In ref. (15), $\tilde{\mathit{\theta }}$ denotes the MLE of the unknown parameter vector $\mathit{\theta }$, which is obtained by maximizing the log-likelihood function of $\mathit{\theta }$, i.e.,

$$\begin{array}{c}\hfill \tilde{\mathit{\theta }}=arg\underset{\mathit{\theta }}{max}{\tilde{\mathcal{L}}}_{\mathit{b}}\left(\mathit{\theta }\right),\end{array}$$

(16)

where

$$\begin{array}{c}\hfill {\tilde{\mathcal{L}}}_{\mathit{b}}\left(\mathit{\theta }\right)=\sum _{k=1}^K\left[b_{k}log{P}_{1,\mathit{\theta }}^k+(1-b_k)log(1-P_{1,\mathit{\theta }}^k)\right].\end{array}$$

(17)

Clearly, if a target is detected, $\tilde{\mathit{\theta }}$ provides the desired estimation of the target location.
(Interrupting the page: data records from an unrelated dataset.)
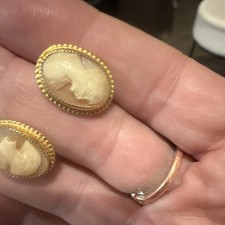 Gold Tone Oval Cream Cameo Portrait Stud Earr...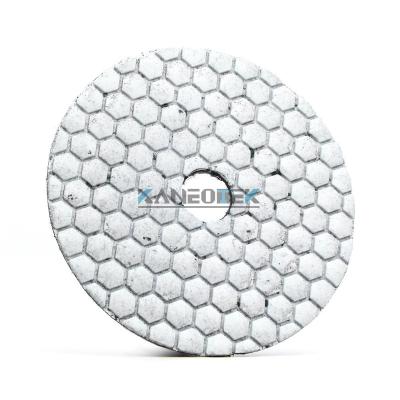 China Stone Pressed 5 Inch 125mm Diamond Dry Polishing Pads For Marble, Granite, Stone for sale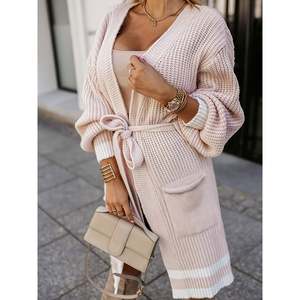 Cardigan long en tricot rose décontracté pour femme avec détail enroulé et à nouer pour le printemps et l'automne - Product Image 1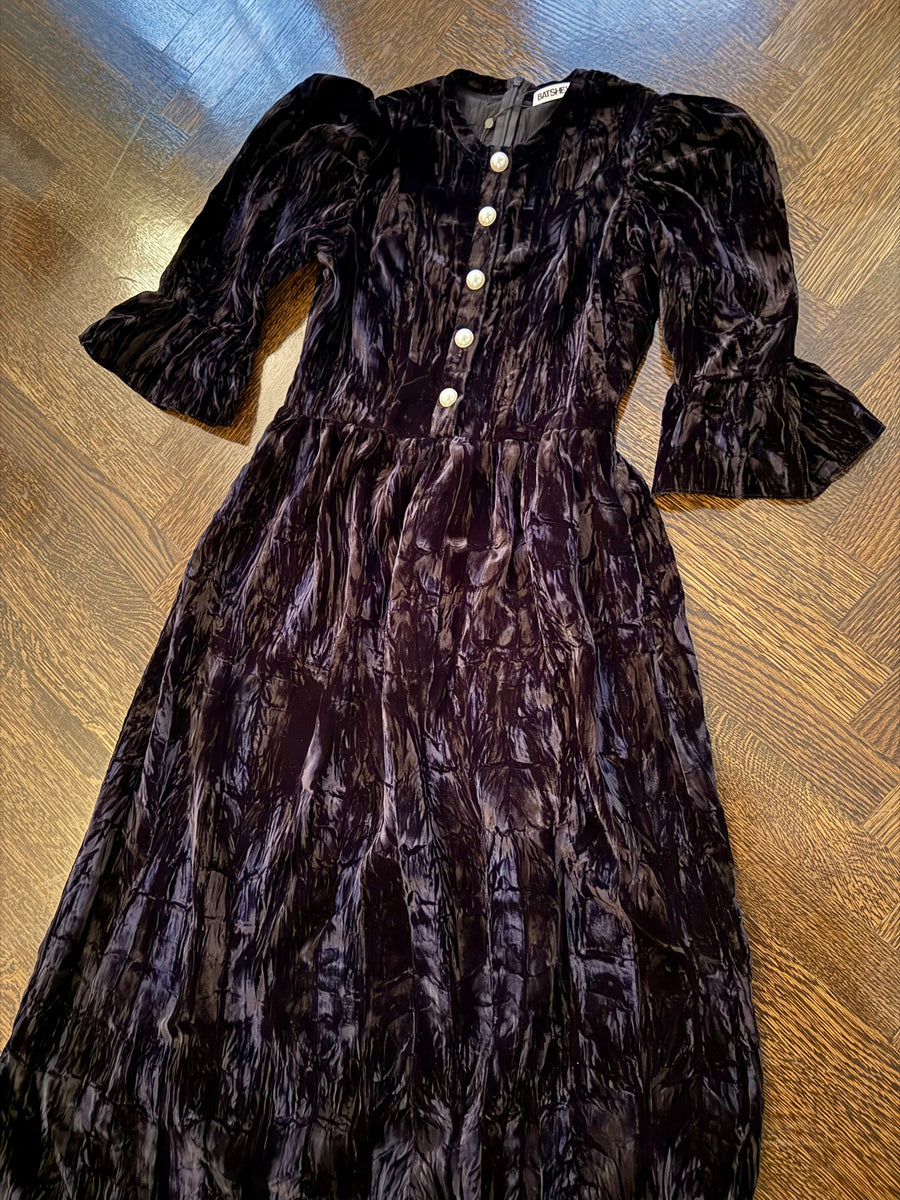 Ella Dress in Black Crushed Velvet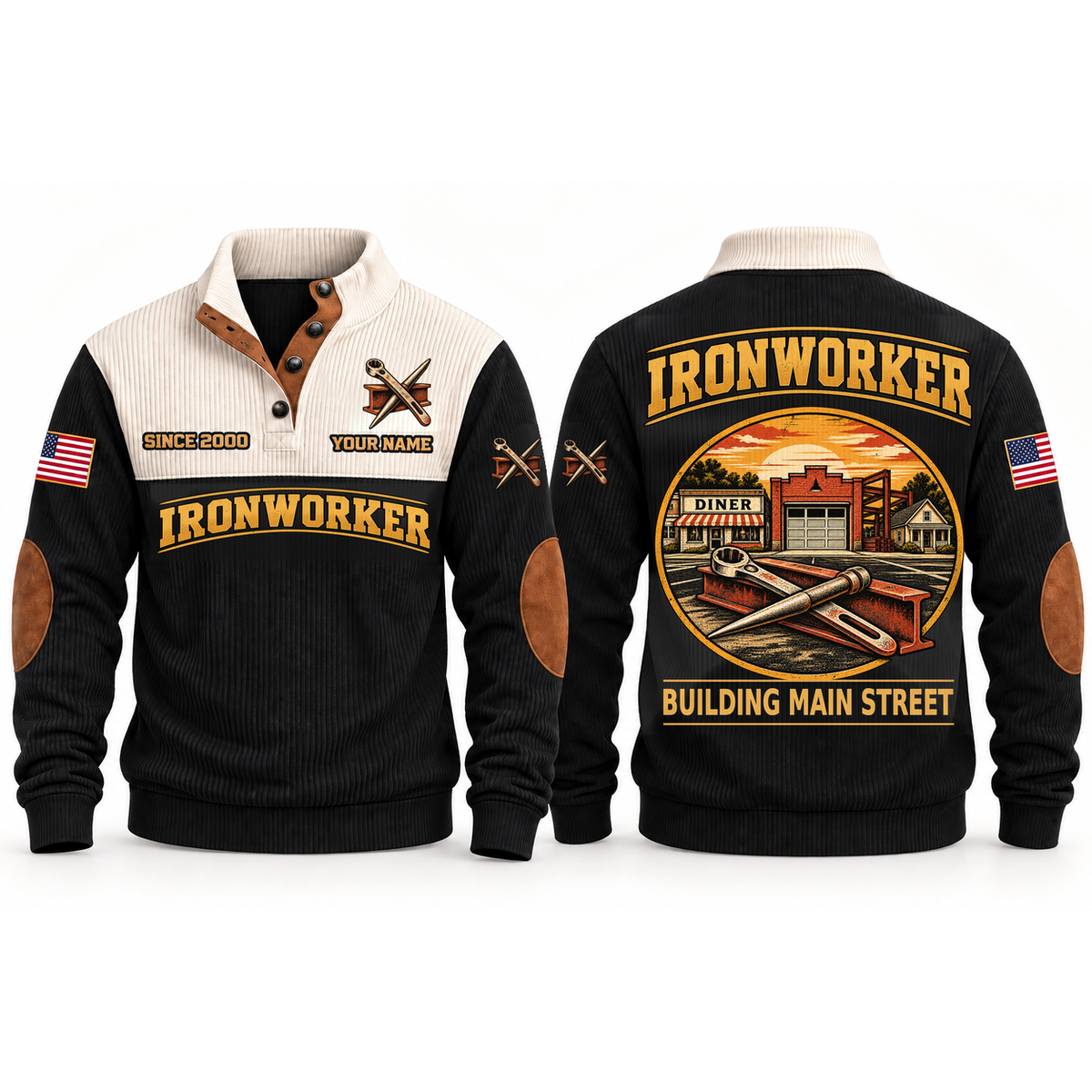Ironworker Main Street Steel Sports Sweatshirt in Black, front and back garment views with steel I-beam, spud wrench and connecting pin, nostalgic Main Street town illustration, BUILDING MAIN STREET lettering and source sample YOUR NAME and SINCE 2000 text.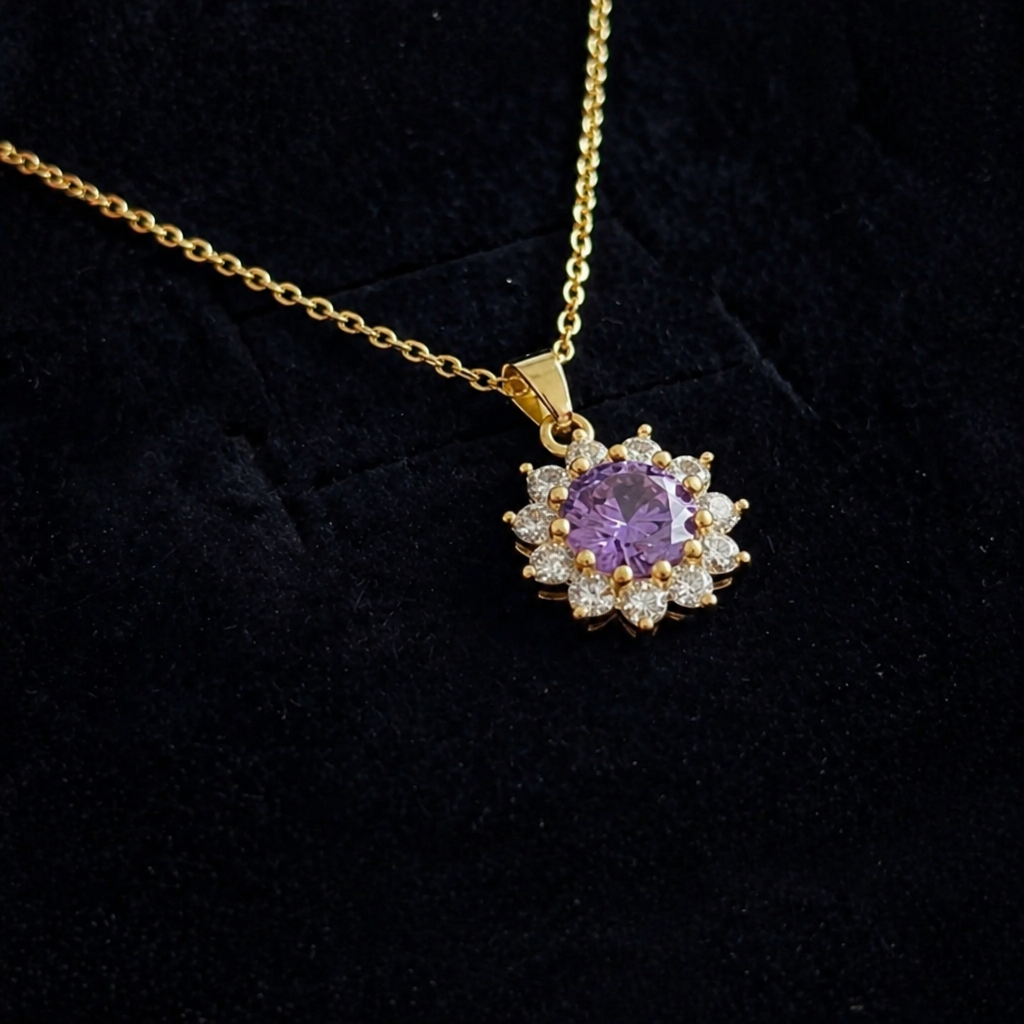 Elegant Amethyst Sunflower Gold Necklace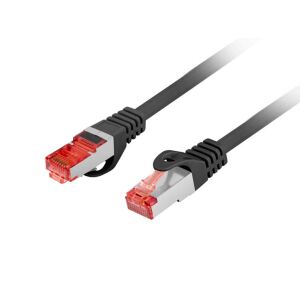 Patchcord kat.6 S/FTP LSZH CU 1m czarny Fluke Passed Lanberg 138906095 - Kable i akcesoria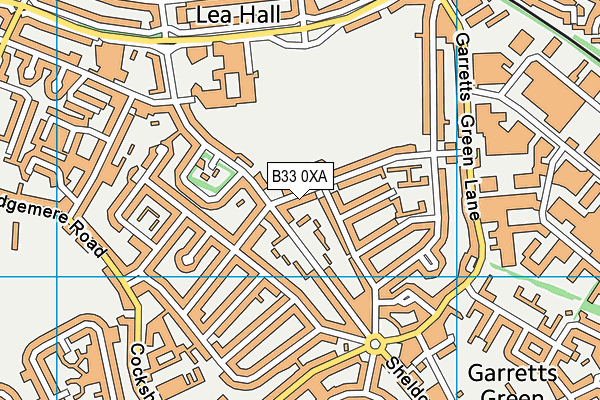 B33 0XA map - OS VectorMap District (Ordnance Survey)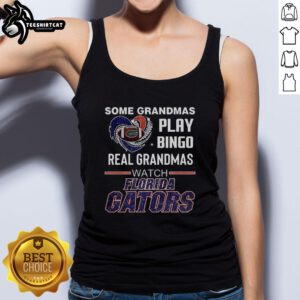 Premium Florida Gators tank top featuring playful grandmas enjoying bingo, perfect for fans and casual wear.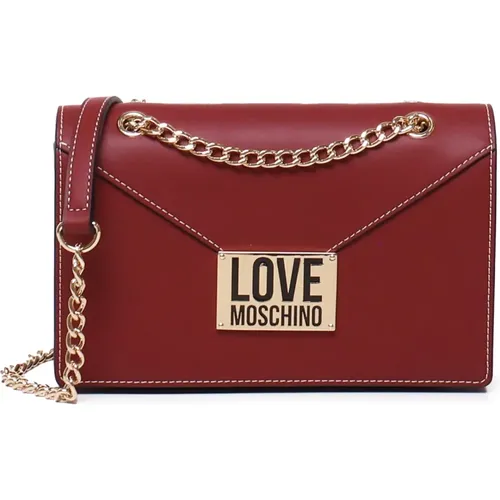 Eco-leather Shoulder Bag in Wine , female, Sizes: ONE SIZE - Love Moschino - Modalova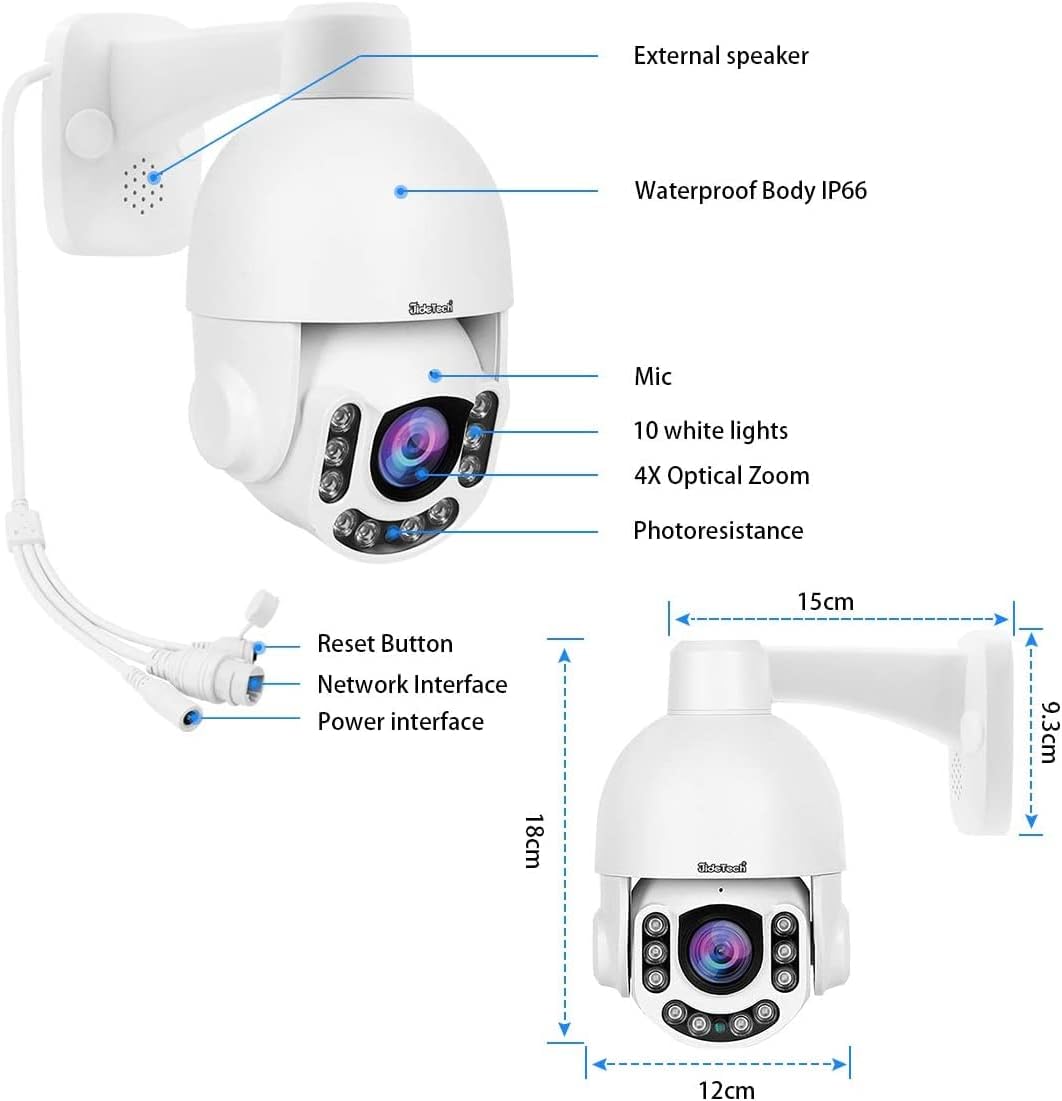 Outdoor PTZ POE Security Camera, HD 5MP Auto Tracking IP Camera with 5X Optical Zoom, IR Night Vision Motion/Human Detection Built in Mic&Speaker IP66 Waterproof P2674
3.2. Solve the MLE with the Differential Evolution Algorithm

Note that no closed-form solution can be found for (16) due to the complicated objective function. Conventional optimization methods, such as the gradient decent method, to a great extent, rely on the assumption of the objective function’s characteristics (e.g., concavity, convexity, and monotonicity). However, it is difficult to check the concavity of the objective function in (17). Furthermore, it is a subtle task to tune the parameters of conventional optimization methods for high-quality solutions. On the other hand, the DE algorithm [24] addresses these issues properly. Thus, we resort to the DE algorithm to solve (16).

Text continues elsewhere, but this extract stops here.